There are only a few hundred pilots working for the cartels. They are daring airmen, many with thousands of hours of flying time, and trusted by cartel bosses.

Admiral Irwin says: ``Aircraft are fairly expensive ... but [the cartels] can buy airplanes. But to get pilots to continue to go and come, and that they can trust, that's a tough one....

``The pilot is very important. That probably is the key. [Pilots are] the most expensive, the most critical thing'' in the cartels' distribution chain.

Putting pressure on drug pilots has become a top priority for US drug fighters. New radars to track them are installed at Key West; Cudjoe Key, Fla.; Guant'anamo Bay, Cuba; Jamaica; Puerto Rico; Panama; and Honduras.

New radar also is slated for various Caribbean islands, as well as Costa Rica and Venezuela.

Meanwhile, Congress has appropriated $100 million to buy more aerostats, balloons equipped with radar that can scan hundreds of miles of border.

Not far from Homestead, the government also is opening a multimillion-dollar command-and-control center that will coordinate drug-fighting units of the Coast Guard and Customs. And in Key West, the military recently opened Joint Task Force Four, its Caribbean drug detection headquarters, under Admiral Irwin's command.
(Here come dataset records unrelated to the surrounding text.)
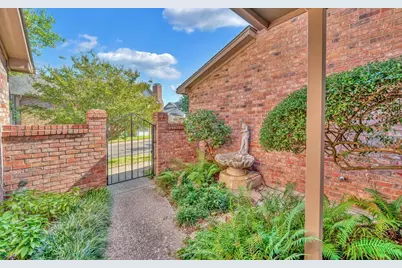 112 Pleasant Grove Lane, Waco, TX 76712 - Photo 5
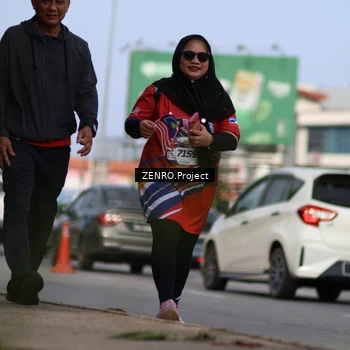 Runner Photo 6007883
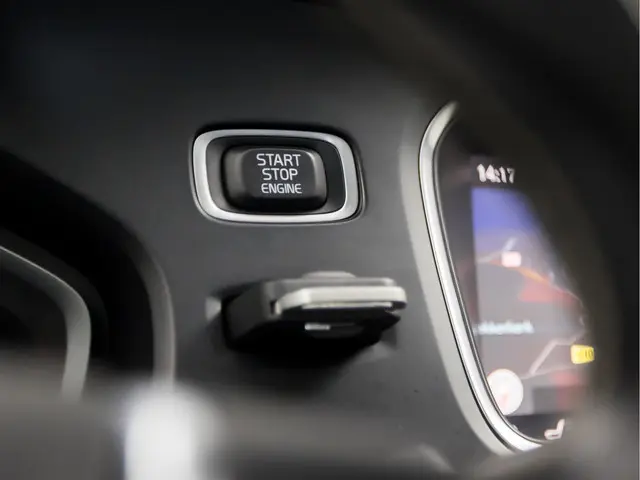 Volvo V40 2.0 T4 R-Design Sport 2018 Benzine 25
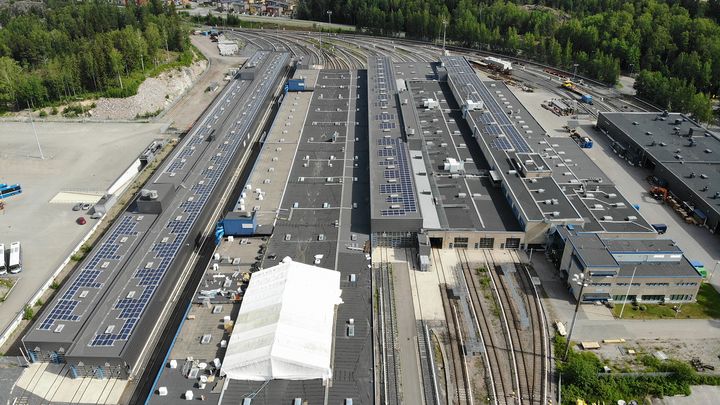 Metrovarikon aurinkovoimala otettiin käyttöön aurinkoisessa säässä 18.6.2019. Kuva: Lasse Rosenholm/HKL
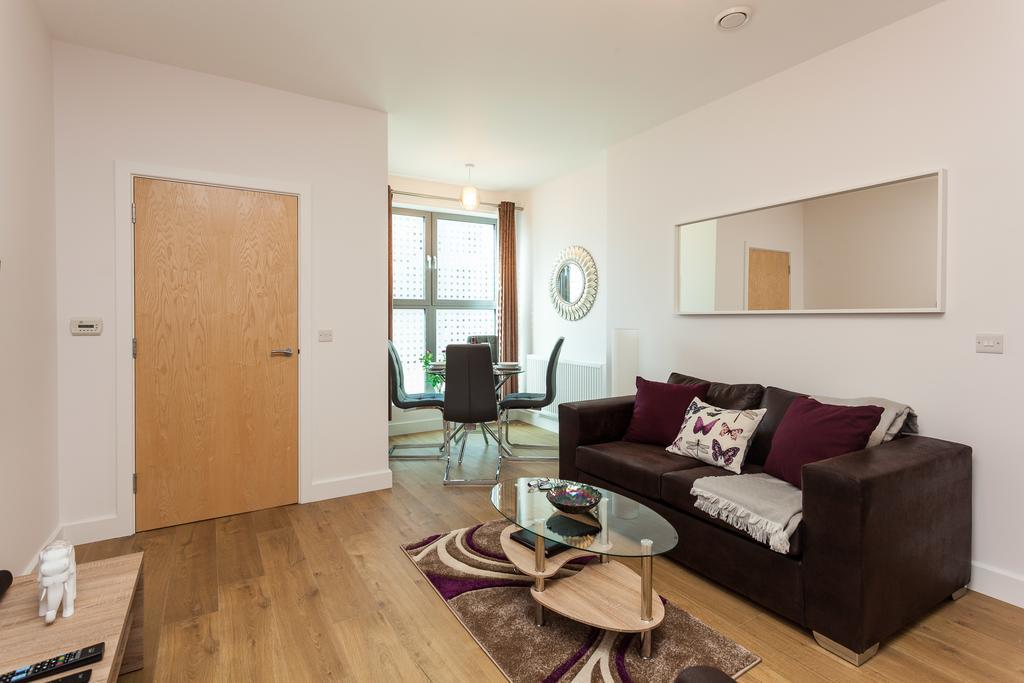 ريدهيل Self-Contained Town Centre One Bedroom Apartments By Helmswood Serviced Apartments المظهر الخارجي الصورة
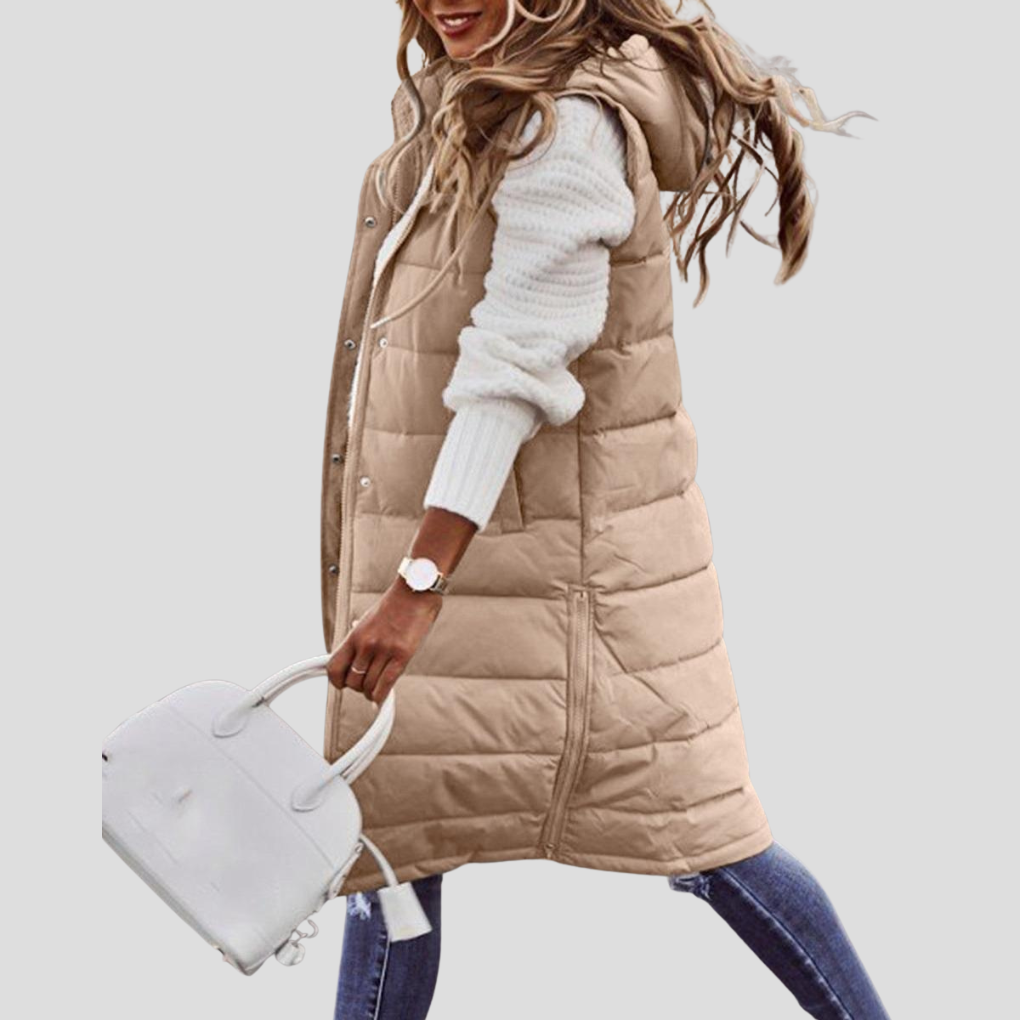 Ermeløs langvest for kvinner med praktisk hette. Flerfarget bodywarmer, ideell for fritid og overgangsvær.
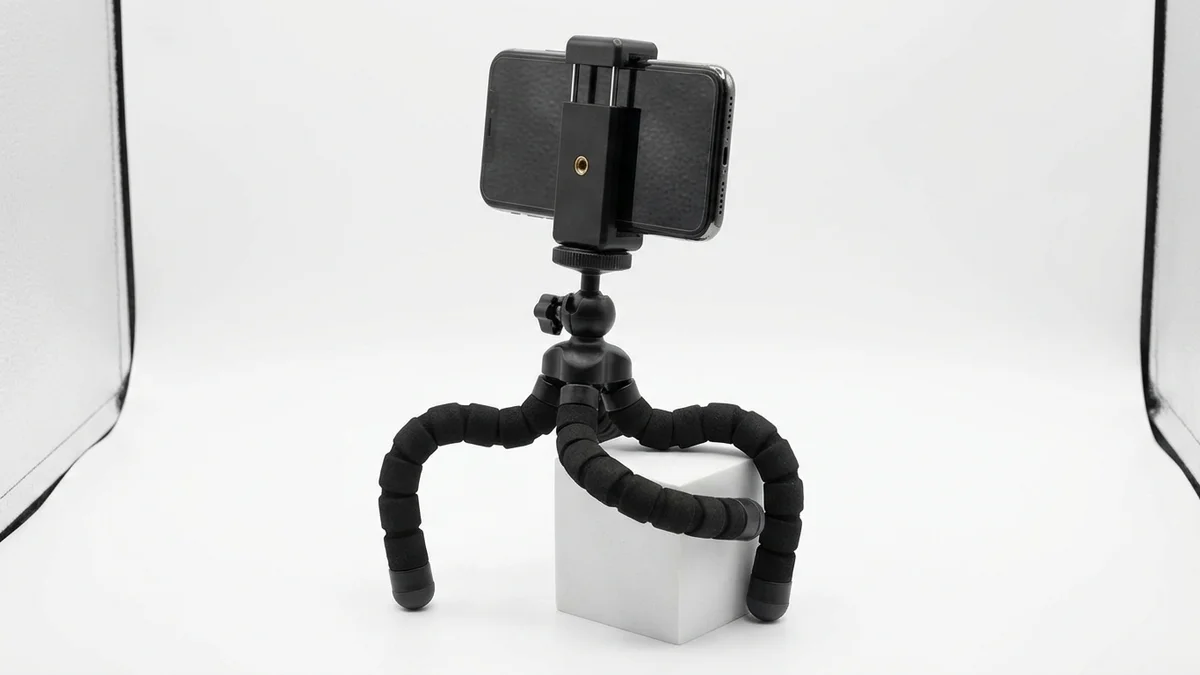 UBeesize Phone Tripod for hands-free outfit photos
Eventually there should be airborne radar across the entire Southern frontier of the US, from California to Florida. On the eastern end, the radar net will reach far out to sea.

Critics of this air-interdiction effort say that it works - but not well enough. Too many other avenues are available, even if the air corridor is completely closed.

The General Accounting Office, in a June 1989 study, concluded: ``While more improvements in detection and response capabilities may further deter air smuggling, gaps will remain in the air interdiction system, and other smuggling avenues will still be available....''

Some agents who fight air traffickers, however, point out that air is the preferred smuggling method of the drug kingpins. It involves one pilot, one plane, one customer - a simple transaction.

In contrast, smuggling by small boats can involve several steps: a large ``mother'' ship, numerous small boats and their crews, and a more complicated delivery system in the US - all places where things can go wrong.

As public anger over drugs increases, pressure will grow to close the air routes to traffickers. The next three years should tell us whether that is possible.

One in a series of occasional articles about US border problems.